Nikolai Gogol의 "Dead Souls" 중

in short, the same as everywhere;

No one equals him in power - he is God! But such is not the lot, and other is the destiny of the writer who has dared to call forth all that is before our eyes every moment and which our indifferent eyes do not see - all the terrible, stupendous mire of trivia in which our life is entangles, the whole depth of cold, fragmented, everyday characters that swarm over our often bitter and boring earthly path, and with the firm strength of his implacable chisel dares to present them roundly and vividly before the eyes of all people! (skip) This contemporary judgement does not recognized writer; with no sharing, no response, no sympathy, like a familyless wayfarer, he will be left alone in the middle of the road. Grim is his path, and bitterly will he feel his solitude.

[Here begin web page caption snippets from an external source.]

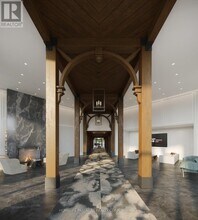 2075 King Rd in King City, ON - Building Photo - Building Photo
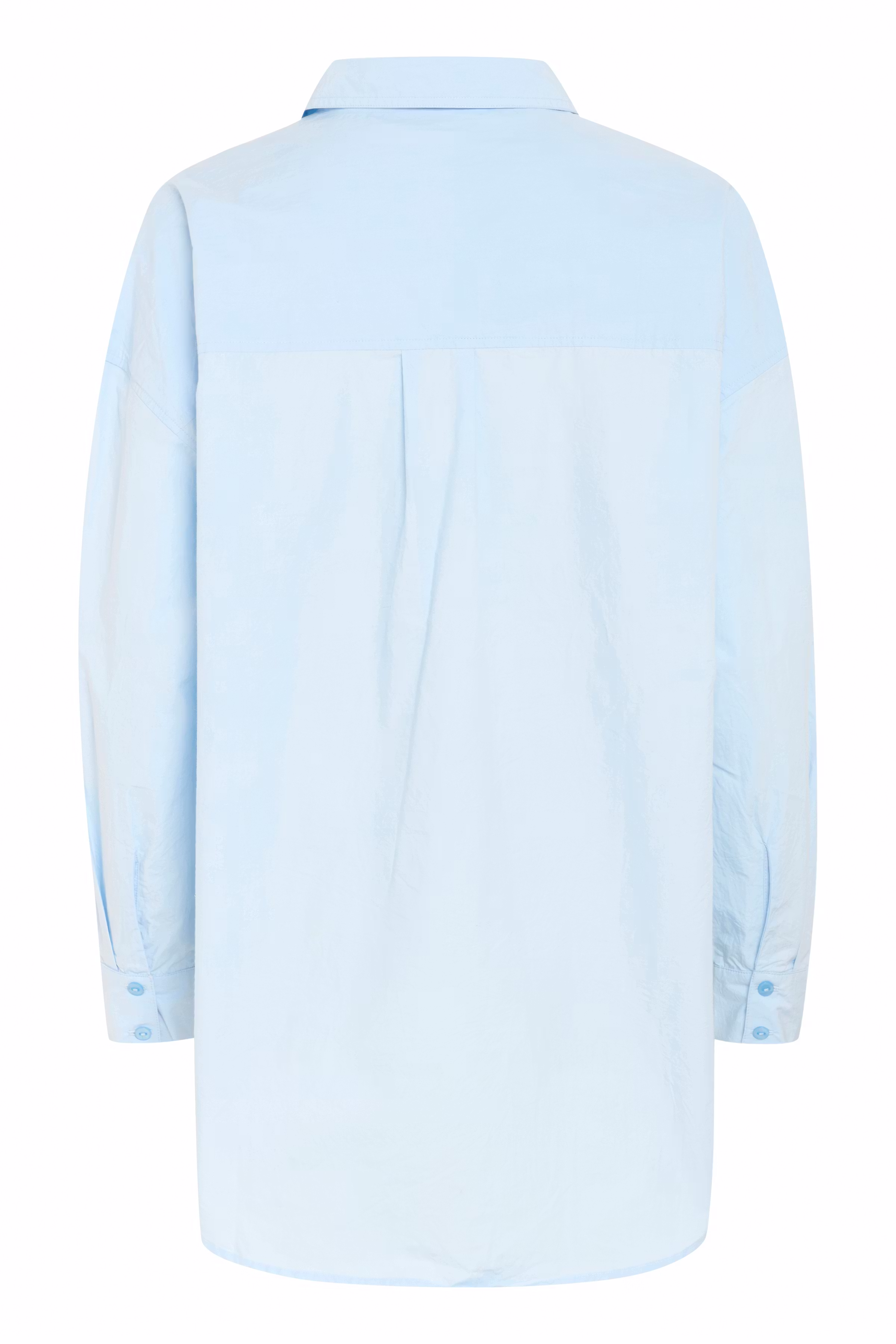 03 THE BOXY SHIRT PACK BACK 10705193-144115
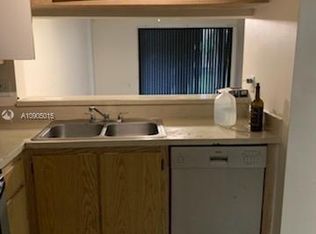 2225 SW 80th Ter #0, Hollywood, FL 33025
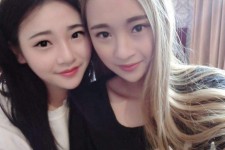 梅州真实高端的中国伴游网(国内高端伴游哪个app好)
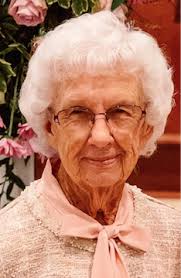 OBITUARIES: Wednesday edition, November 6, 2024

Strange people these gentlemen officials, and other degrees along with them: They knew very well that Nozdryov was a liar, that not a single word of his could be trusted, not he least trifle, and nevertheless they resorted precisely to him.

What the deceased was asking - why he had died, or why he had lived - God alone knows.

What a strange, and alluring, and transporting, and wonderful feeling is in the word: road! and how wondrous is this road itself:

and think not about not doing wrong, but only about having no one say they are doing wrong. (skip) You fear the deeply penetrating gaze, you are afraid to penetrate anything deeply with your own gaze, you like to skim over everything with unthinking eyes.

But Kostanzhoglo was angry now, his bile was seething, and the words came pouring out.

And often, unexpectedly, in some remote, forsaken backwater, some deserted desert, one meets a man whose warming conversation makes you forget the pathlessness of your paths, the homelessness of your nights, and the contemporary world full of people's stupidity, of deceptions for deceiving man. Forever and always an evening spent in this way will vividly remain with you, and all that was that took place then will be retained by the faithful memory: who was there, and who stood where, and what he was holding - the walls, the corners, and every trifle.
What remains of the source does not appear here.